Task prompt — Only the lines from the beginning of the data below through the line that contains "Zdjęcie przedstawia stoisko" should be repeated, exactly as written.

Provided material —
■ ■ ■

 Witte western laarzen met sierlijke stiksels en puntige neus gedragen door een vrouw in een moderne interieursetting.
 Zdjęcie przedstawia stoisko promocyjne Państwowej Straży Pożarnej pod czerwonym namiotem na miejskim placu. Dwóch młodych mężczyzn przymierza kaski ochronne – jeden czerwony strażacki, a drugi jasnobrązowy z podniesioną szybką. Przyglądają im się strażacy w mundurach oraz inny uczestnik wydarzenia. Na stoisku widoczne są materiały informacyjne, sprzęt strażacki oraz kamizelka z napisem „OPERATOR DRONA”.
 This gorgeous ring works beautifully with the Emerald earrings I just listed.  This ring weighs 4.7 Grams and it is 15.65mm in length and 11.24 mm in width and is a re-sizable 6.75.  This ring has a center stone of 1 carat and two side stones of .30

■ ■ ■

Completed task —
 Witte western laarzen met sierlijke stiksels en puntige neus gedragen door een vrouw in een moderne interieursetting.
 Zdjęcie przedstawia stoisko promocyjne Państwowej Straży Pożarnej pod czerwonym namiotem na miejskim placu. Dwóch młodych mężczyzn przymierza kaski ochronne – jeden czerwony strażacki, a drugi jasnobrązowy z podniesioną szybką. Przyglądają im się strażacy w mundurach oraz inny uczestnik wydarzenia. Na stoisku widoczne są materiały informacyjne, sprzęt strażacki oraz kamizelka z napisem „OPERATOR DRONA”.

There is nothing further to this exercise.